U.N. Secretary-General António Guterres welcomed the General Assembly’s decision in a statement, saying: “The world’s highest court has spoken. Today, the General Assembly has answered,” and adding that the outcome was “a powerful affirmation of international law, climate justice, science, and the responsibility of states to protect people from the escalating climate crisis.” The vote also reflected how the General Assembly has been wrestling with the question of how international legal duties should apply to climate harm.
The text includes specific policy calls. It urges countries to adopt national climate action plans to keep temperature rise below 1.5 degrees Celsius, phase out subsidies for fossil fuel exploration, production and exploitation, and provide what it calls “full reparation” for damage by states that are in violation of the court’s framing of legal obligations.
The resolution’s backing of the court opinion also came against the backdrop of the Paris climate agreement’s 1.5-degree goal, a benchmark tied to limits on warming since the mid-1800s. The Associated Press report said the resolution’s language was shaped by ongoing negotiations, including changes made to broaden support after earlier drafts drew in stronger court-backed terms.
According to the Associated Press report, the resolution initially included stronger language referencing the advisory opinion’s call for establishing an “International Register of Damage” to record evidence and claims, but that language was removed after nearly a dozen consultations. The change aimed to increase the chances that the measure would win enough support in the General Assembly.
The push for the resolution faced opposition from Washington. The Associated Press reported in February that the Trump administration had been urging other nations to press Vanuatu—the draft’s original sponsor—to withdraw the measure. The report said the State Department had instructed U.S. embassies and consulates that it “strongly objects” to the proposal and that adoption “could pose a major threat to U.S. industry.”
During the Wednesday debate, Tammy Bruce, the deputy U.S. ambassador to the United Nations, reiterated U.S. objections, telling the assembly that the resolution was “highly problematic” and that Washington maintained legal and policy concerns despite changes to the text.
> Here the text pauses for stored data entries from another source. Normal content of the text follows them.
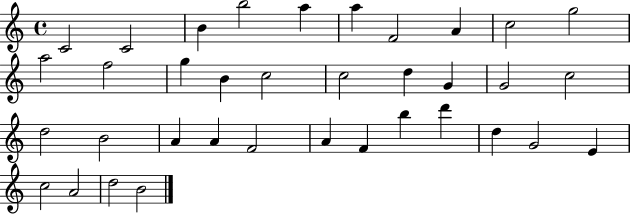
X:1
T:Untitled
M:4/4
L:1/4
K:C
C2 C2 B b2 a a F2 A c2 g2 a2 f2 g B c2 c2 d G G2 c2 d2 B2 A A F2 A F b d' d G2 E c2 A2 d2 B2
Bruce said: “The resolution includes inappropriate political demands relating to fossil fuels and on other climate topics,” according to the Associated Press report.
Representatives of Vanuatu and other island nations argued that international backing of the court’s opinion mattered for their survival as climate impacts intensify. Odo Tevi, the Vanuatu ambassador to the United Nations, said before the vote that nations should be “honest with one another about why this matters,” adding: “It matters because the harm is real and it is already here, along our islands and coastlines, for communities facing drought and failed harvests.” He also said: “The states and peoples bearing the heaviest burden are very often those who contributed least to the problem.”
The General Assembly’s action followed years of frustration among Pacific countries that say they are watching parts of their homelands disappear. The Associated Press report pointed to Tuvalu, where more than a third of the population has applied for a climate migration visa to Australia, and to Nauru, where the government has begun selling passports to wealthy foreigners as revenue for possible relocation efforts.
The vote also drew support from human rights groups that tied the court opinion to broader rights obligations. Louis Charbonneau, director of Human Rights Watch at the United Nations, said in a statement that endorsing the court ruling “reaffirmed the global commitment to protect human rights,” and that it did so “despite efforts by the U.S. and other oil-producing states to stifle attempts to combat climate change.”